= Kurai Onrum Illai =

Tamil devotional song

"Kurai Onrum Illai" (குறை ஒன்றும் இல்லை, meaning No grievances have I) is a Tamil devotional song written by C. Rajagopalachari. The song set in Carnatic music was written in gratitude to Hindu God (Venkateswara and Krishna visualised as one) and compassionate mother.

Kurai Onrum Illai is one of the few songs written by Indian politician, freedom-fighter and Governor-General of India, Chakravarti Rajagopalachari.

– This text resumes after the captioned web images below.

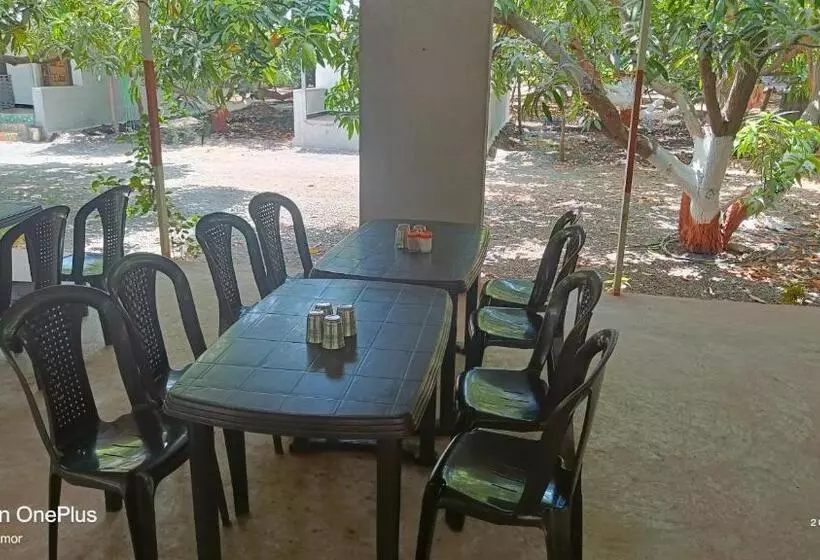 Hotelli Gir Madhuli Farmhouse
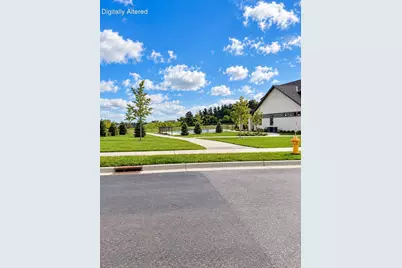 1377  Scotsland Ln, Oconomowoc, WI 53066 - Photo 4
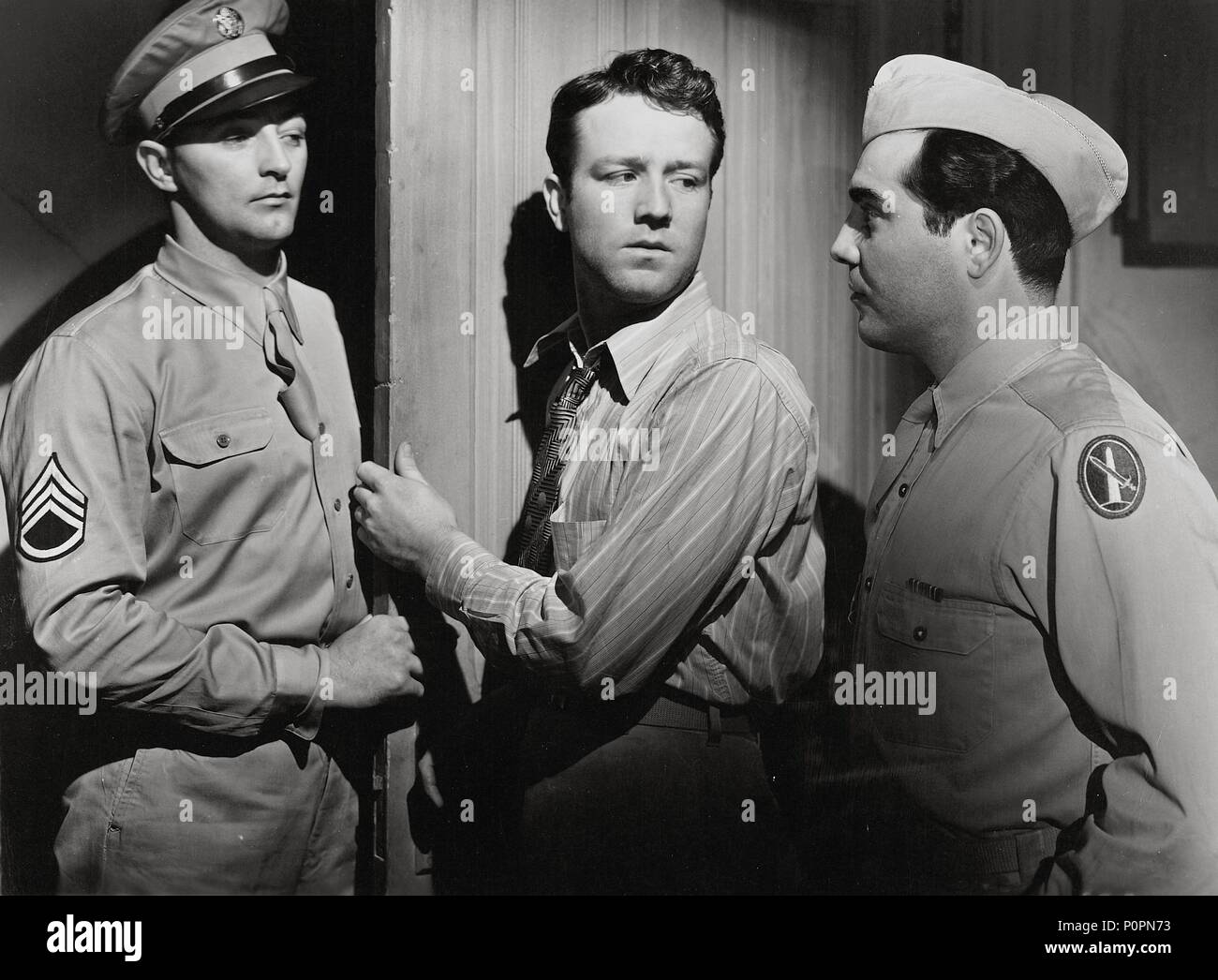 Original Film Title: CROSSFIRE. English Title: CROSSFIRE. Film Director:  EDWARD DMYTRYK. Year: 1947. Stars: ROBERT MITCHUM. Credit: RKO / Album  Stock Photo - Alamy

The song was sung by M. S. Subbulakshmi in the Sri Venkateswara (Balaji) Pancharatna Mala LP-2 (Long Play Record) (1979/80). This song is unique because it does not assume the tone of devoted grants of prayer but one of thankfulness to God. The song comprises 3 stanzas each set in three different ragas of Shivaranjani, Kapi and Sindhu Bhairavi.

Kurai Onrum Illai is a very popular song in South India and is a regular in many Carnatic concerts. It became very famous after it was sung by M. S. Subbulakshmi.

== History ==
Rajagopalachari, or Rajaji as he was popularly known, was a religious Hindu and a devout Vaishnavite. Apart from his illustrious political career, he is also known to have authored books on history, religion, politics and Hindu mythology. His translations of the Ramayana and Mahabharata are considered classics and are used by American universities as a part of their syllabus on "Oriental Studies".

However, Rajaji is not a popular composer of Carnatic music and "Kurai Onrum Illai" is his sole Carnatic composition (with some help from Tamil scholar M.P.Somasundaram ( மீ.ப.சோமு) ) that has gained widespread recognition. The song depicts his intense devotion to God.

The composition was published in the Tamil magazine Kalki in 1967. The song became popular after it was sung as one of the pieces in the Long Play Record set, known as Sri Venkateswara (Balaji) Pancharatnamala by M. S. Subbulakshmi in 1979/80. Since then, the song has been widely appreciated and sung in most Carnatic concerts.

==Explanation and interpretation==

This composition by Rajaji is one of its kind, in the sense that the author does not elicit any favour from God but only maintains that he has no regrets or dissatisfaction about anything in life. In this song, he regards both Lord Vishnu or Venkateswara of Tirupathi and his incarnation Lord Krishna to be one and the same and uses the names interchangeably.

==Popular culture==
The same song was reused with slightly modified lyrics and instrumentation by Vidyasagar for the film Arai En 305-il Kadavul (2008).

The song was used with telling effect in Mudal Mudal Mudal Varai (M3V) and the song sung by Ms. Jaya.